On physical examination he was an ill-appearing, apathic male. The vital sings were; the blood pressure was 120/65 mm/Hg, the pulse 84 beats per minute, the temperature 36.8ºC. the respiratory rate 14 breaths per minute, and the oxygen saturation 100% while the patient was breathing ambient air. Decreased muscle strength was noted. He had bilateral moderate pretibial edema.

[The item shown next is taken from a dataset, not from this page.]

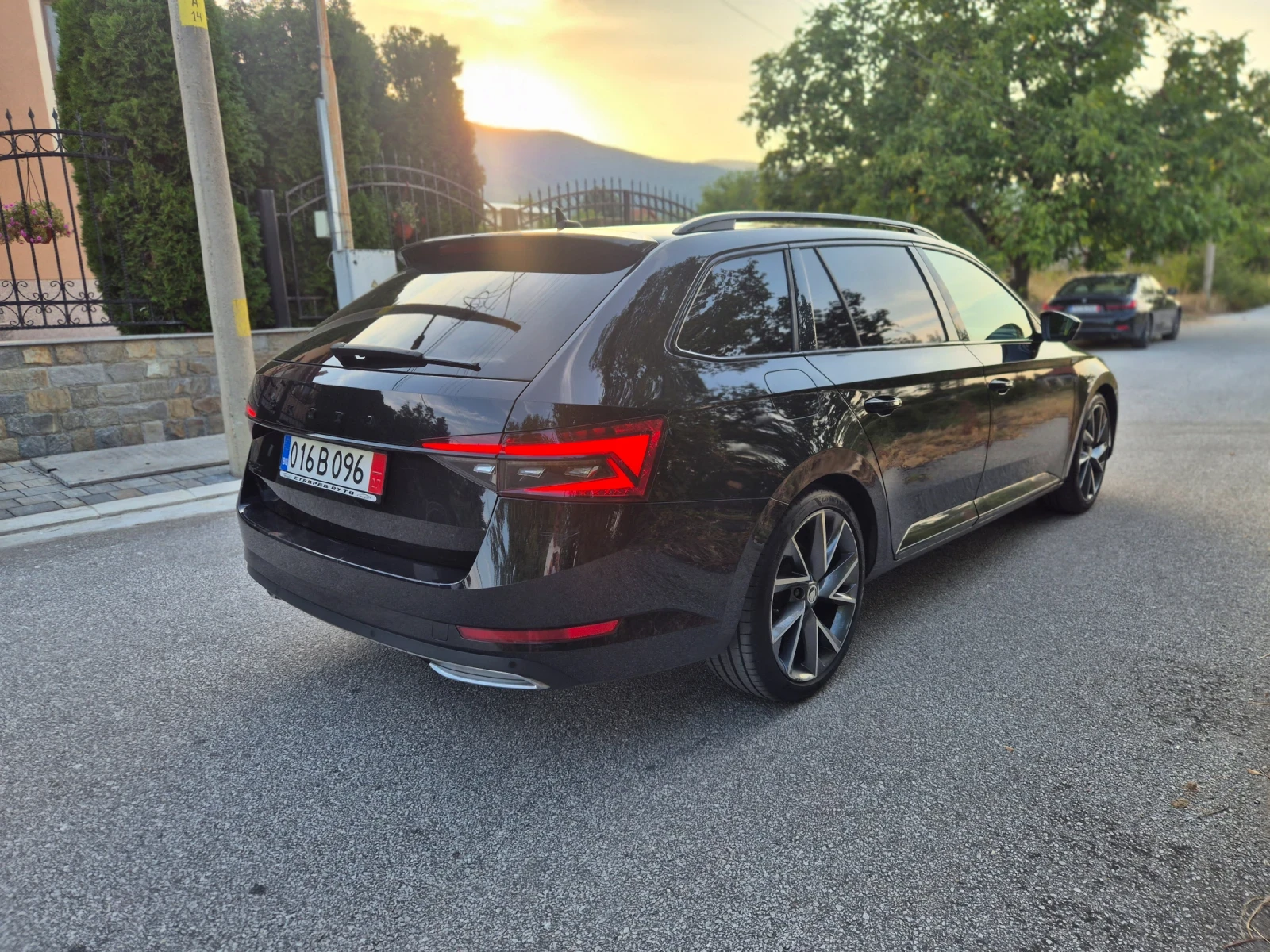 Skoda Superb 2.0D-190кс/SportLine/21г. - изображение 4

Laboratory studies revealed the following: urea: 179 mg/ dL; creatinine: 5 mg/dL; aspartate aminotransferase: 42 U/ L; CK: 2422 U/L; calcium: 9.5 mg/dL; phosphorous: 5.5 mg/dL; sodium: 138 mmol/L; potassium: 5 mmol/L; albumin: 3.7 g/ dL; lactate dehydrogenase: 332 U/L; hemoglobin: 12 g/dL. Arterial blood gas and erythrocyte sedimentation rate, serum albumin level, thyroid function tests, serum vitamin D level, antinuclear antibody, anti-neutrophil cytoplasmic antibody values were within normal limits. Viral or bacterial infectious causes was ruled out. The patient’s urine dipstick analysis revealed that indicating large amount of myoglobin in the peripheral blood and urine without red cells on the microscopic examination. Significant proteinuria was observed. An abdominal ultrasound demonsrated small-sized kidneys with the evidence of a thin parenchyma. Echocardiography was performed and left ventricular ejection fraction was reported as 40%.

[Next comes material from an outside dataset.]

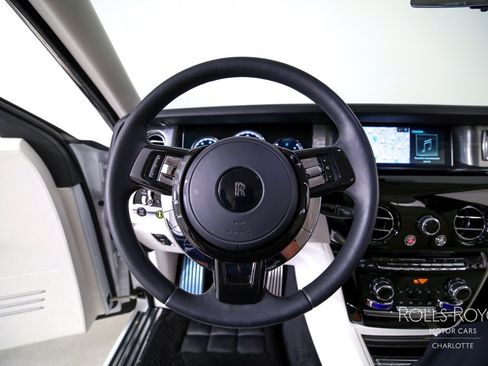 Certified 2024 Rolls-Royce Phantom Sedan RWD image 15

The administration of dextrose, bicarbonate, and intravenous crystalloid was begun. He was admitted to the medical service. During the next 3 days, heparin added, and intravenous furosemide and fluids were administered to maintain urine output. Cultures of the blood and urine were sterile. Nerve-conduction studies were essentially normal; there was no evidence of axonal or demyelinating sensorimotor polyneuropathy.

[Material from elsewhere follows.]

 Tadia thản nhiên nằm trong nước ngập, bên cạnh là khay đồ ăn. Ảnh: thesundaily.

Our patient is an old man presenting with ARF which in this case probably caused by nontraumatic rhabdomyolysis. The diagnosis of ARF secondary to rhabdomyolysis is suggested by the marked rise in muscle enzymes in the presence of a dipstick indicating large amount of myoglobin in the peripheral blood and urine without red cells on the microscopic examination. The patient developed acute kidney injury secondary to rhabdomyolysis probably induced by donepezil and may have a component of ATN. He will likely recover, but not until after an unpredictable period has elapsed that may require long term dialytic support in terms of being low EF and ATN on the kidneys having already chronic renal parenchymal disease. Using of donepezil in this patient with chronic renal insufficiency might be complicated by rhabdomyolysis. For that reason; donepezil was discontinued. Showed significant decreases in serum CK levels. His CK levels had regressed completely to normal levels in the outpatient follow up.
Discussion
Donepezil is a cognitive-enhancing medication for treating mild-to-moderate dementia of Alzheimer’s disease and inhibits the cholinesterase enzyme that breaks down acetylcholine, a neurotransmitter. Rhabdomyolysis is a potentially life-threatening condition that must be suspected in all patients with a history of any circumstance that can result in damage of skeletal muscle. The most common causes of rhabdomyolysis in adults are illicit drugs, alcohol abuse, medical drugs, muscle diseases, trauma, Neuroleptic Malignant Syndrome (NMS), seizures and immobility [5]. (The most common causes of rhabdomyolysis can be seen in the Table 1). It ranges in severity from an asymptomatic elevation of CK levels in blood, to severe life-threatening cases associated with very high CK levels, myoglobinuria and ARF. In our case ARF was a result of rhabdomyolysis probably induced by donepezil and not a direct nephrotoxic effect of the drug. Rhabdomyolysis, is one of the rare side effects of donepezil. But we don’t know that how donepezil can cause rhabdomyolysis. In the literature donepezil caused by acute renal failure secondary to rhabdomyolysis, there were only two cases [6-8]. We offer a third case of acute renal failure secondary to rhabdomyolysis probably induced by donepezil.